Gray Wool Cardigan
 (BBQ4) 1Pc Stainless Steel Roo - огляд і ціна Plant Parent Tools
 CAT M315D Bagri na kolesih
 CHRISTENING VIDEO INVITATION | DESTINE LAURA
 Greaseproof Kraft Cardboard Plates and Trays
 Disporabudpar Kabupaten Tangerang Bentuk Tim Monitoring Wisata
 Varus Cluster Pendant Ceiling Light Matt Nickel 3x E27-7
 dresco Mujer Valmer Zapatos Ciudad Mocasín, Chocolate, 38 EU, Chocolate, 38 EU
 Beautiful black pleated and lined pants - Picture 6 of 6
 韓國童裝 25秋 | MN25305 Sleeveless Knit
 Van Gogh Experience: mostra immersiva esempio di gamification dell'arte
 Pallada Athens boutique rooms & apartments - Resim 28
..............................
▶ **TASK GOAL**
Each line from the one that contains "韓國童裝 25秋 | MN25305 Sleeveless Knit" to the end of the data should be set down exactly, both ends included.

▶ **EXERCISE RESPONSE**
 韓國童裝 25秋 | MN25305 Sleeveless Knit
 Van Gogh Experience: mostra immersiva esempio di gamification dell'arte
 Pallada Athens boutique rooms & apartments - Resim 28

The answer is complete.